* Task requirements *
Leave out the pictures, and copy exactly the lines from the line with "Marvel Iron Man" through the last line of the data below.

--- START ---

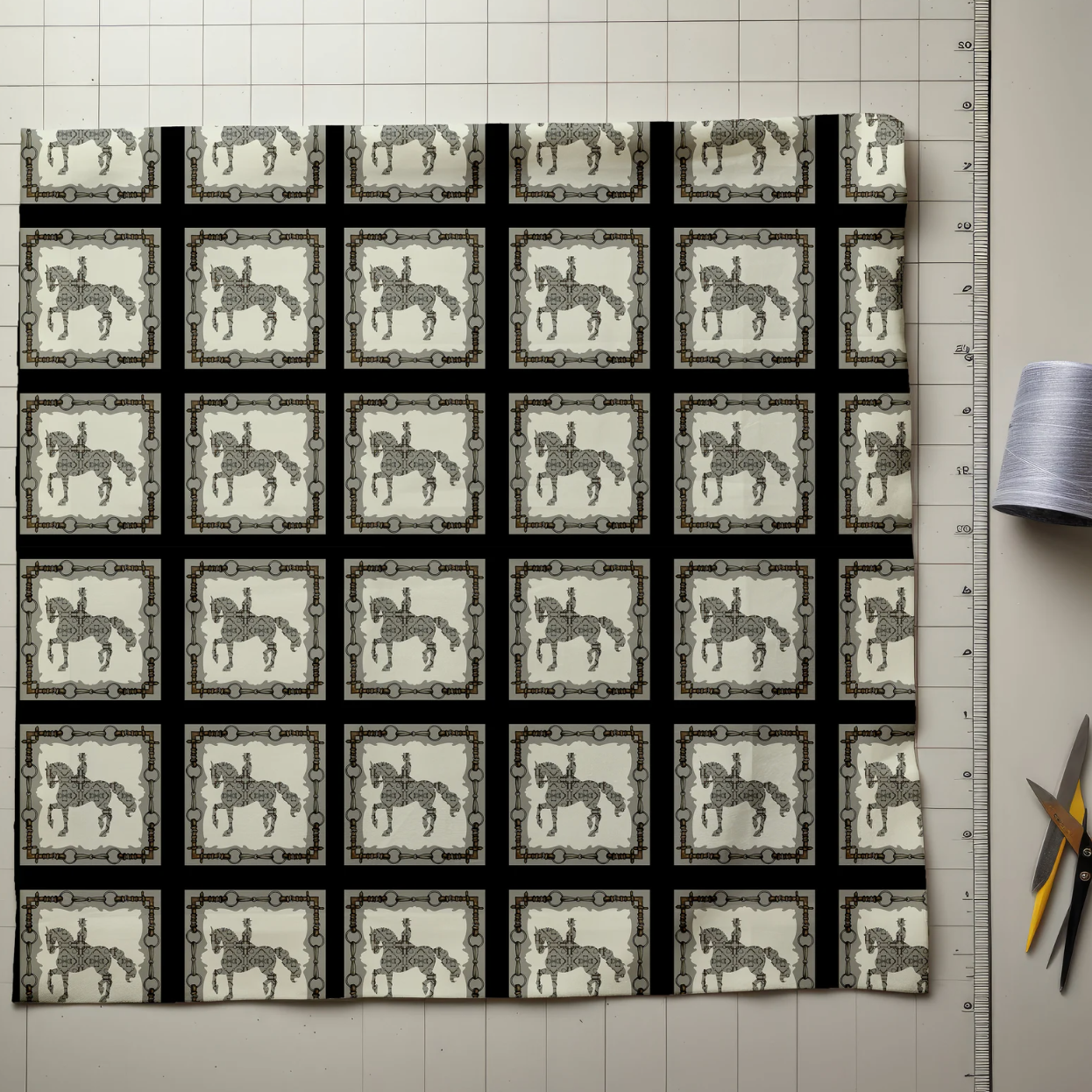 Dressage Horse Equestrian Fabric Luxury Equine Art for Custom Home Decor and Sewing Projects 42x36 inches Pure Cotton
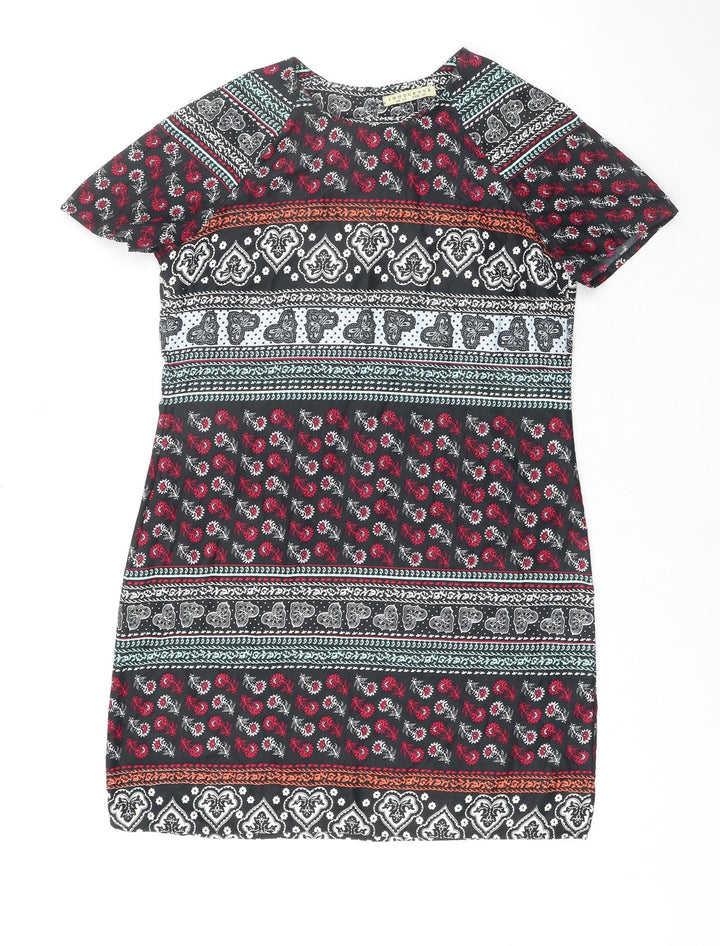 Innocence Womens Multicoloured Geometric Polyester T-Shirt Dress Size 12 Round Neck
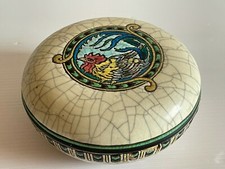 Ancienne Bonbonnière  en émaux de  LONGWY  Décor au coq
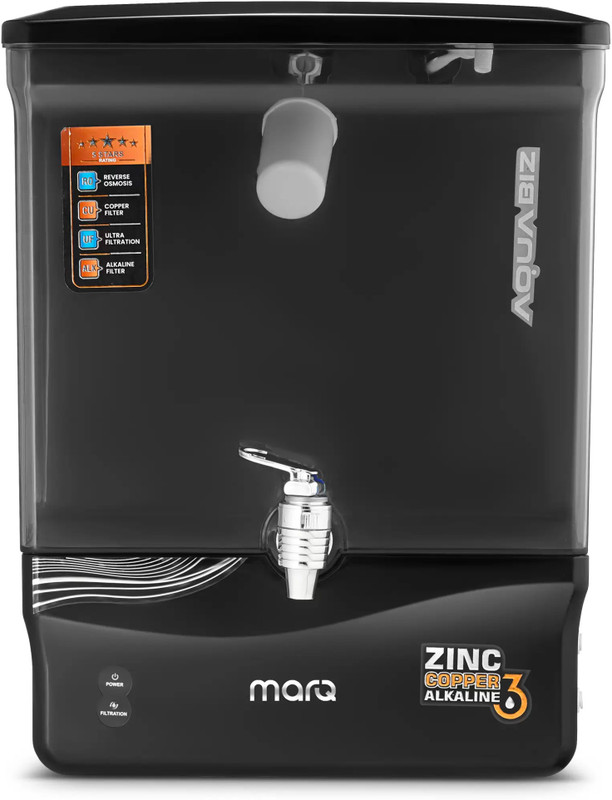 Marq By Flipkart Aqua Biz Black Tpt 12 L Ro + Uv + Uf + Tds + Alk + Copper Water Purifier With Pre Filter And Bis Certified(Black)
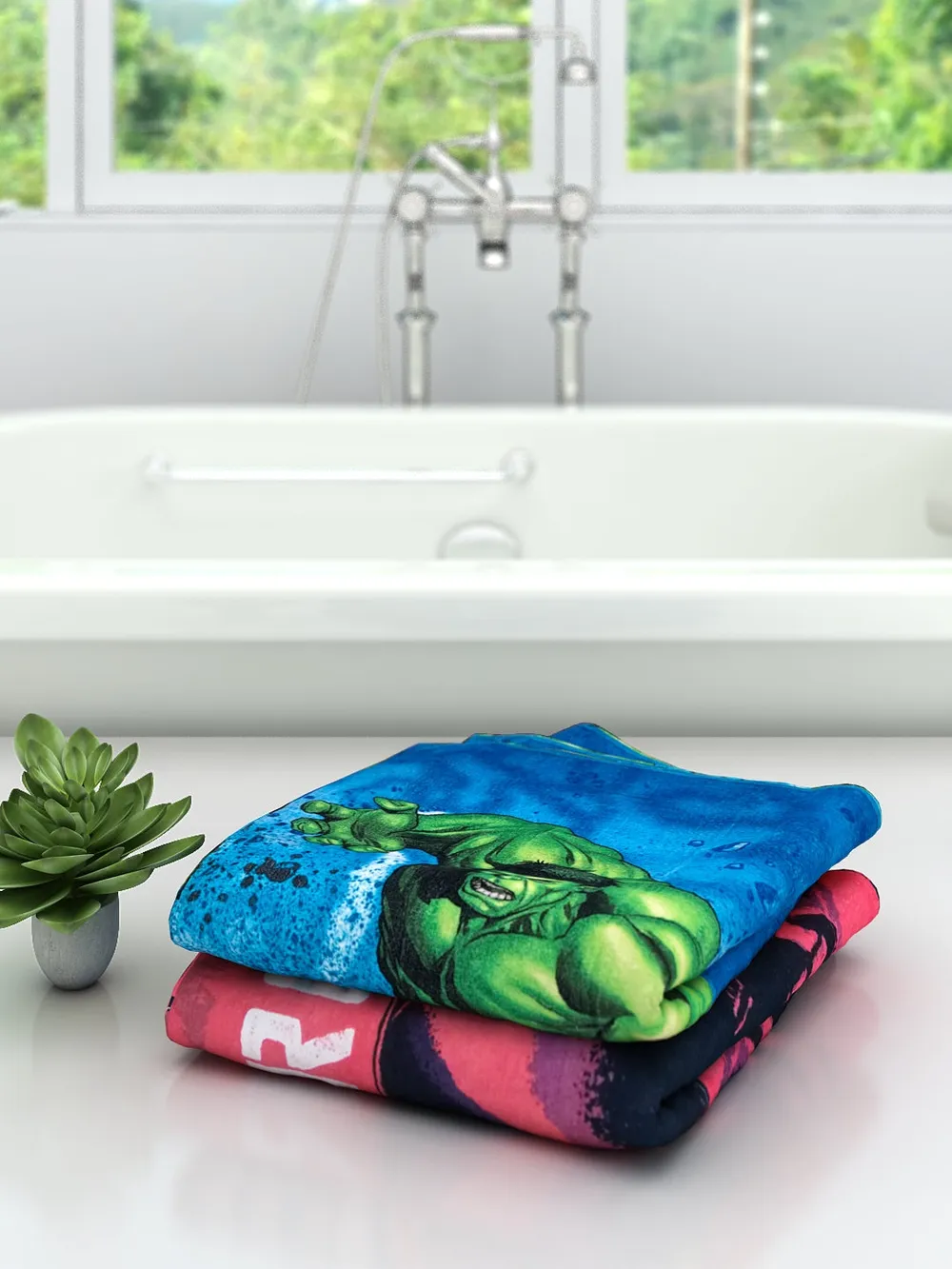 Marvel Iron Man & The Hulk Kids Bath Towels Set Of 2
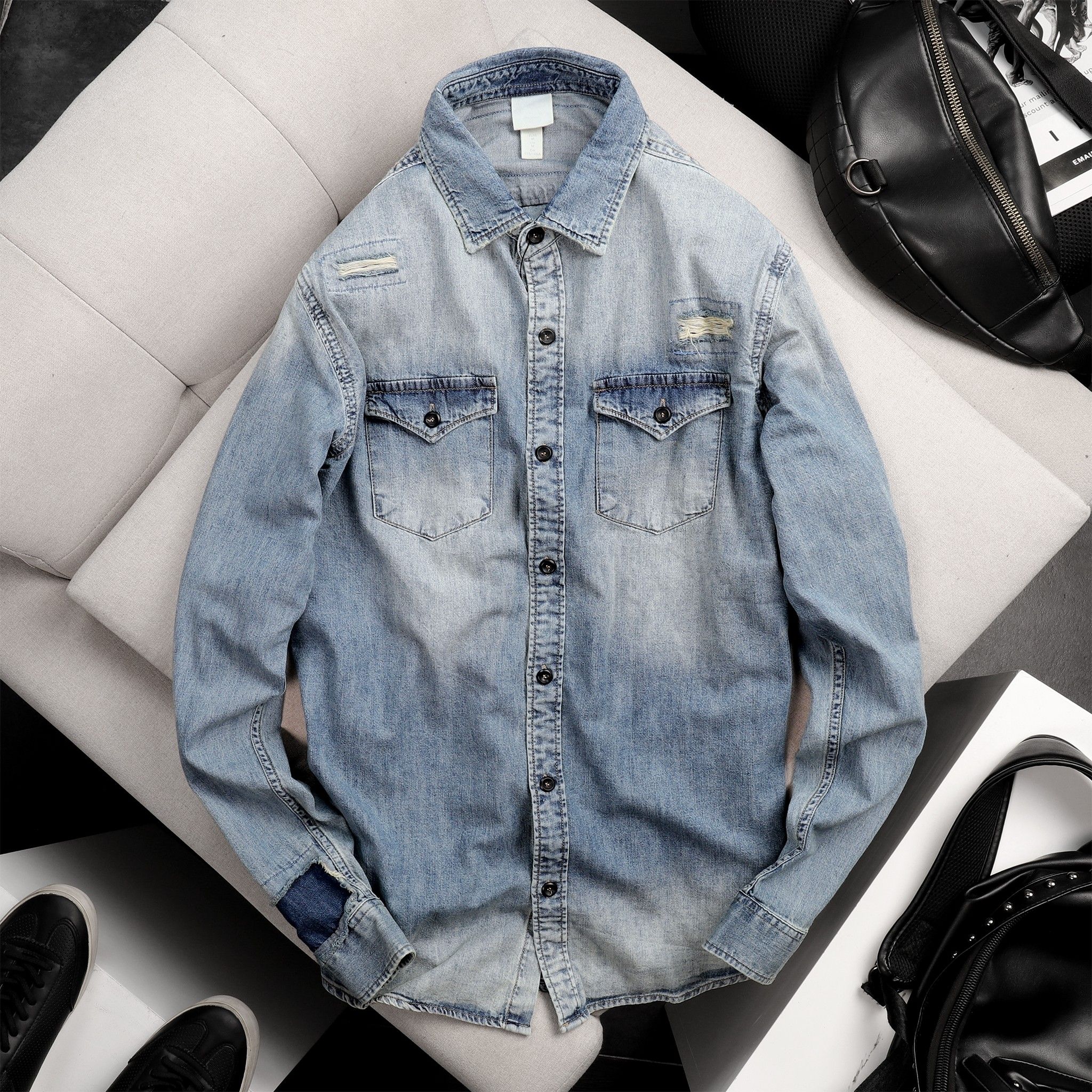 Áo sơmi denim H.M wash ss20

--- END ---

* Exercise output *
 Marvel Iron Man & The Hulk Kids Bath Towels Set Of 2
 Áo sơmi denim H.M wash ss20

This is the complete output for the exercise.